Component Architecture
2. Component Responsibilities and Boundaries¶
Document status: Draft v0.1 Last updated: 2026-03-31 Depends on: sec1_overview.md Feeds into: sec3_integration.md, component design specs (Hippo, Cappella, Canon, Aperture, Bridge)
2.1 Component Summary¶
| Component | Role | Optional? | Dependencies |
|---|---|---|---|
| Hippo | Canonical metadata store | No (platform foundation) | None |
| Canon | File artifact resolver | Yes | Hippo (for provenance write-back) |
| Cappella | Harmonization and pipeline engine | Yes | Hippo (sole storage backend) |
| Aperture | User-facing CLI and web interface | Yes | Hippo, optionally Canon + Cappella |
| Bridge | Auth gateway and integration middleware | Yes (required for multi-user) | All components |
2.2 Hippo — Canonical Metadata Store¶
What Hippo Owns¶
- Entity schema — the canonical definition of entity types (Subject, Sample, Datafile, etc.), their fields, relationships, and validation rules. Defined in
schema.yamlandvalidators.yaml. - Storage backends — SQLite (development, single-user), PostgreSQL (production, multi-user). Abstracted via
EntityStoreABC. - Provenance log — immutable record of every entity mutation: actor, timestamp, changed fields, operation type.

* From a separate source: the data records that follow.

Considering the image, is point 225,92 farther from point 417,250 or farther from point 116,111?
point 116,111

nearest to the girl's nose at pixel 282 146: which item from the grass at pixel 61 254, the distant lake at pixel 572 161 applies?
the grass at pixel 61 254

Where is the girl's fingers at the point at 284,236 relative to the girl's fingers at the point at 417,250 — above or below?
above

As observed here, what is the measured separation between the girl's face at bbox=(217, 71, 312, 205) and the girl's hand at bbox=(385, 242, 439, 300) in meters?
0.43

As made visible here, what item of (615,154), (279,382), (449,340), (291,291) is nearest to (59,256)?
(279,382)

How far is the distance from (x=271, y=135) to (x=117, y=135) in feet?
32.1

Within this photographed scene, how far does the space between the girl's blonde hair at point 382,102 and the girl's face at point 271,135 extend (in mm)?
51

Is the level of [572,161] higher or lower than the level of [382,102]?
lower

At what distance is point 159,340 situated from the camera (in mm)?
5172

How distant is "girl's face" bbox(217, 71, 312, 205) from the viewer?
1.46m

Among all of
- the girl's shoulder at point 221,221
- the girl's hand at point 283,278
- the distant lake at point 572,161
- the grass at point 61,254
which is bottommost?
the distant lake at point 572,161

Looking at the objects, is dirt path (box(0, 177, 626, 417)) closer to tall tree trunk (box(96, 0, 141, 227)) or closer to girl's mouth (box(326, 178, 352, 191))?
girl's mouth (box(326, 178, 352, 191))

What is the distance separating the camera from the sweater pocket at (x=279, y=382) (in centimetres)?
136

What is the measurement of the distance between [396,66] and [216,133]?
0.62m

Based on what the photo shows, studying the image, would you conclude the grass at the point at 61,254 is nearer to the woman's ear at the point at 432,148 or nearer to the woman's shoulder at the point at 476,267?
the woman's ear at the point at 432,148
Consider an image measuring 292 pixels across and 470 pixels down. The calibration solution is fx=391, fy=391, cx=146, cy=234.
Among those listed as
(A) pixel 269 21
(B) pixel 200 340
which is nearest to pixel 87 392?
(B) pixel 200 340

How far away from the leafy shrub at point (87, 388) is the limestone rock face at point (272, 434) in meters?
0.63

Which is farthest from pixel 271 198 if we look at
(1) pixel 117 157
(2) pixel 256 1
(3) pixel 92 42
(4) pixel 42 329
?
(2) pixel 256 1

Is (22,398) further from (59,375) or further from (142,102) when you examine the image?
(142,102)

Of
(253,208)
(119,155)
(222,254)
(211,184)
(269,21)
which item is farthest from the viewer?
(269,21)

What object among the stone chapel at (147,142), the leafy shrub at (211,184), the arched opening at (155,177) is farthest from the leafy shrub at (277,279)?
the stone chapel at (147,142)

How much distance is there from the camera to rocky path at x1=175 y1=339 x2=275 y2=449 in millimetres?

- Ingestion layer — flat-file ingest CLI,
ExternalSourceAdapterABC for external system connectors (implementations live in Cappella), reference loader plugin system. - REST API — HTTP interface to all SDK capabilities. Used by Bridge (proxy) and Aperture (queries).
- Python SDK (
HippoClient) — the authoritative interface for all reads and writes. REST API and all other components go through this SDK.
What Hippo Does Not Own¶
- External system connector implementations (those live in Cappella)

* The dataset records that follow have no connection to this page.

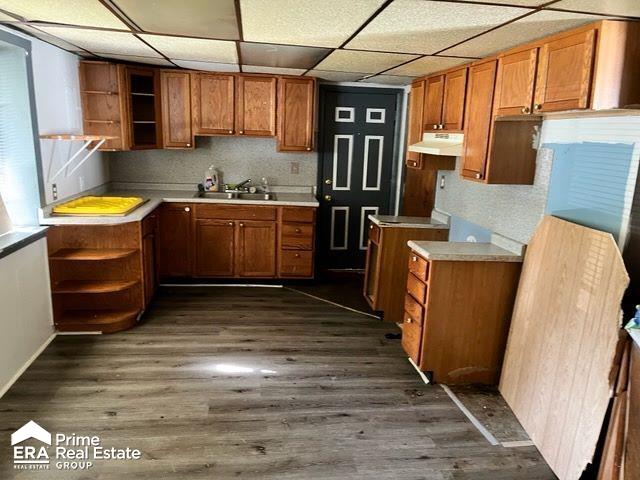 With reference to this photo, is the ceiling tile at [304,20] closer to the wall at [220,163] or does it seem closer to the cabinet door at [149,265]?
the cabinet door at [149,265]

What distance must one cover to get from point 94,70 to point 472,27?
3.39 m

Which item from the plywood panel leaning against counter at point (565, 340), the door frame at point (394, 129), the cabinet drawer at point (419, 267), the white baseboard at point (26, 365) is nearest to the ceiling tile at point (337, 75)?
the door frame at point (394, 129)

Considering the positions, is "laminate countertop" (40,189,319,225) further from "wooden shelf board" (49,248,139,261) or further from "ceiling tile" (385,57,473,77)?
"ceiling tile" (385,57,473,77)

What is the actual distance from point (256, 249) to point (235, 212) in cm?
44

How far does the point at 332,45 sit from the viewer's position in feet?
9.75

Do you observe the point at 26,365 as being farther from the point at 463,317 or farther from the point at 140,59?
the point at 463,317

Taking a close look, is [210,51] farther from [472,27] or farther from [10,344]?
[10,344]

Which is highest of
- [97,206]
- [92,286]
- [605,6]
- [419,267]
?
[605,6]

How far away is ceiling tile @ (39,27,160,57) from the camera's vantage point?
2.93 meters

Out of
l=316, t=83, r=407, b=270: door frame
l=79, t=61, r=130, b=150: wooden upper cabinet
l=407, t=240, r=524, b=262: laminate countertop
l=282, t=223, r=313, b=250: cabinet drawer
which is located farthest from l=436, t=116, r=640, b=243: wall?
l=79, t=61, r=130, b=150: wooden upper cabinet

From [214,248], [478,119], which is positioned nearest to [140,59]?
[214,248]

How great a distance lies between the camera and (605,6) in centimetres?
184

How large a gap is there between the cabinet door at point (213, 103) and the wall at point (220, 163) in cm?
37

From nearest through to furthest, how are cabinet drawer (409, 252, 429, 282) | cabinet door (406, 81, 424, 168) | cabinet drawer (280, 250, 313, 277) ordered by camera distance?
1. cabinet drawer (409, 252, 429, 282)
2. cabinet door (406, 81, 424, 168)
3. cabinet drawer (280, 250, 313, 277) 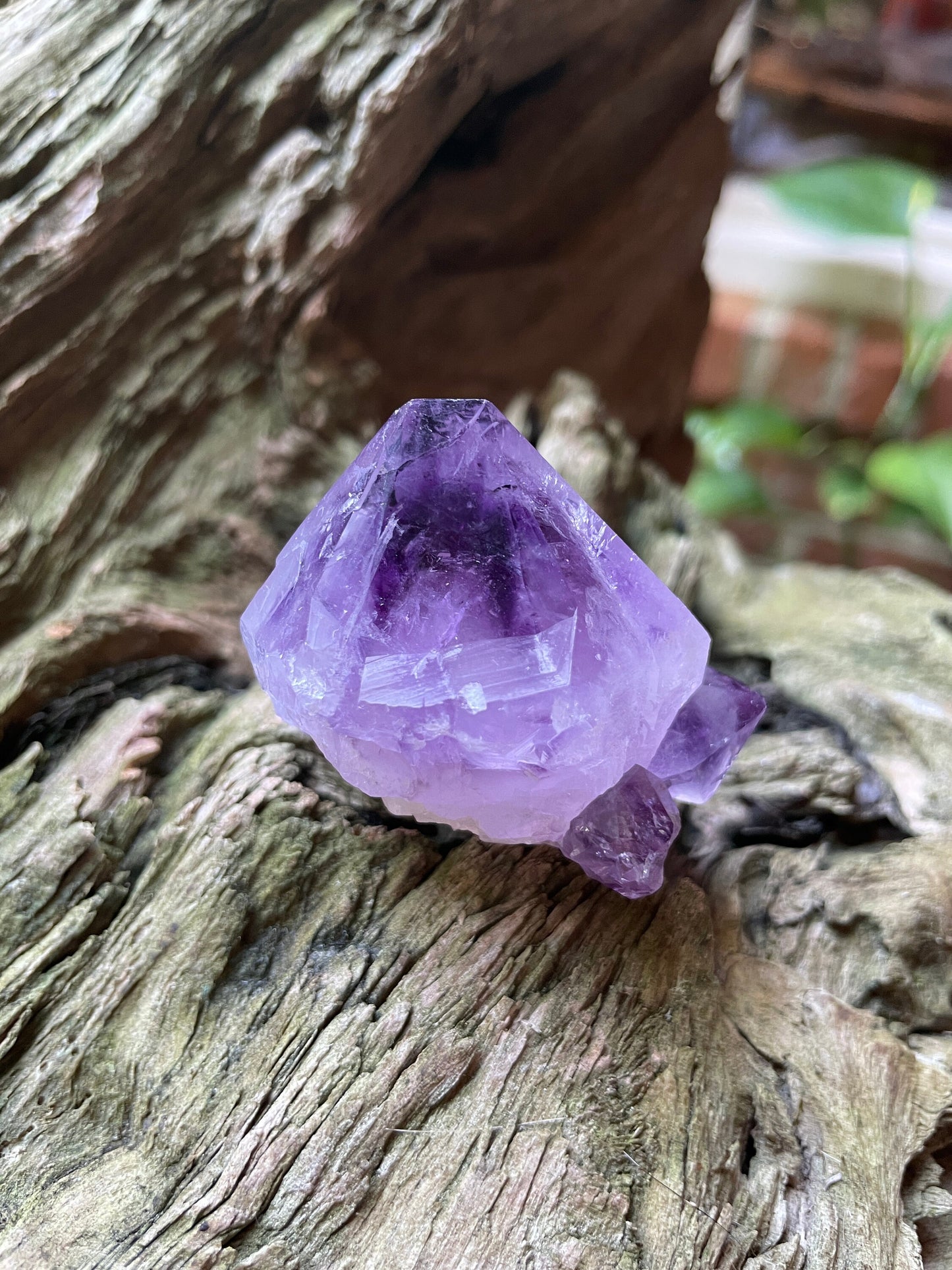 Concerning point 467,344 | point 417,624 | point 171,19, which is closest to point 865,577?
point 467,344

- Field mapping and transformation config (Cappella adapter config)
- Harmonization logic and vocabulary normalization (Cappella)

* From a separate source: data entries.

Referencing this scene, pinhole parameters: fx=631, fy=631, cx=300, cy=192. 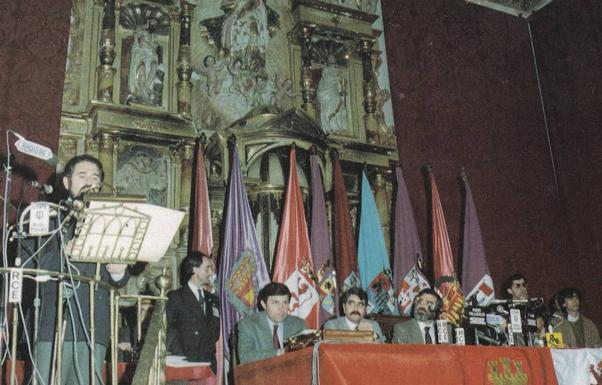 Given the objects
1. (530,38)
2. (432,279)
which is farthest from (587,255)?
(530,38)

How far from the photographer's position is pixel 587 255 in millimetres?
7691

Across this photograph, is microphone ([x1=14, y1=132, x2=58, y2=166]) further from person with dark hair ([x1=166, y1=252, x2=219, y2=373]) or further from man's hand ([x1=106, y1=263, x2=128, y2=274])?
person with dark hair ([x1=166, y1=252, x2=219, y2=373])

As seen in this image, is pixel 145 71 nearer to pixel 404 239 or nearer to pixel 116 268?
pixel 404 239

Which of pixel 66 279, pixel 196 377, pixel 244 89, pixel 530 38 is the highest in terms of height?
pixel 530 38

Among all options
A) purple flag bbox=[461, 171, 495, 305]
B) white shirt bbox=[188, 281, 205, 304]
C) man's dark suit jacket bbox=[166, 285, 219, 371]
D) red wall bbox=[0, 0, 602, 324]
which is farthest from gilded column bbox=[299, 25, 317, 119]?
man's dark suit jacket bbox=[166, 285, 219, 371]

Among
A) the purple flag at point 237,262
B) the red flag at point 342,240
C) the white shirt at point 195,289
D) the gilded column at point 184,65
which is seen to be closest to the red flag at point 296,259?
the purple flag at point 237,262

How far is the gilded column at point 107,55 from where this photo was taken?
5742 millimetres

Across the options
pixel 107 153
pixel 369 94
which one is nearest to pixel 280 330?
pixel 107 153

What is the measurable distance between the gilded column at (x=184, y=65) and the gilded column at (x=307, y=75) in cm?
127

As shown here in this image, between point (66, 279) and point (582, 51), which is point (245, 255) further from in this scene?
point (582, 51)

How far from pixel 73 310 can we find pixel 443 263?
4.42 meters

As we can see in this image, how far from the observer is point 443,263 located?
21.2 ft

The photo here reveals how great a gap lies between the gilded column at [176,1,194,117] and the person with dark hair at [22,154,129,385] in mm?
3237

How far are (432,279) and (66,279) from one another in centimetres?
458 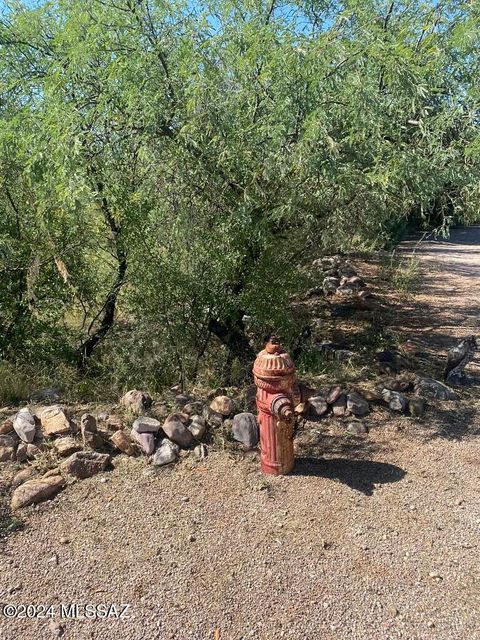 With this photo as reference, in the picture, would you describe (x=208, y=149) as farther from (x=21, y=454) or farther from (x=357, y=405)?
(x=21, y=454)

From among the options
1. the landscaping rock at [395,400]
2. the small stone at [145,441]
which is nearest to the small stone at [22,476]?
the small stone at [145,441]

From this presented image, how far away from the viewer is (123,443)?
326 cm

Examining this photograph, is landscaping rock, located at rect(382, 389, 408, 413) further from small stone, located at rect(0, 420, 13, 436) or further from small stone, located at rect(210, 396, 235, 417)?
small stone, located at rect(0, 420, 13, 436)

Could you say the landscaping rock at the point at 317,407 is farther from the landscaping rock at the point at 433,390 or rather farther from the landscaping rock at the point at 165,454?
the landscaping rock at the point at 165,454

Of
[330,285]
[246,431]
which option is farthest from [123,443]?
[330,285]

- Workflow execution (Cappella/Canon)
- User interface (Aperture)
- Authentication and authorization (Bridge)
Design Invariant¶
Hippo is the single source of truth for all entity data. No other component maintains a parallel copy of entity state. All reads and writes go through Hippo.
2.3 Canon — File Artifact Resolver¶
What Canon Owns¶
- Artifact resolution — given a set of input entities and a resolution rule, determine the canonical path of the output file.
- Resolution rules — defined in
canon.yaml. Rules express how to derive output file paths from input entity fields. - CWL execution integration — Canon can invoke
cwltoolto produce artifacts that don't yet exist at the resolved path. - Storage adapters — local filesystem, S3, HTTPS (read-only), with a plugin system for additional backends.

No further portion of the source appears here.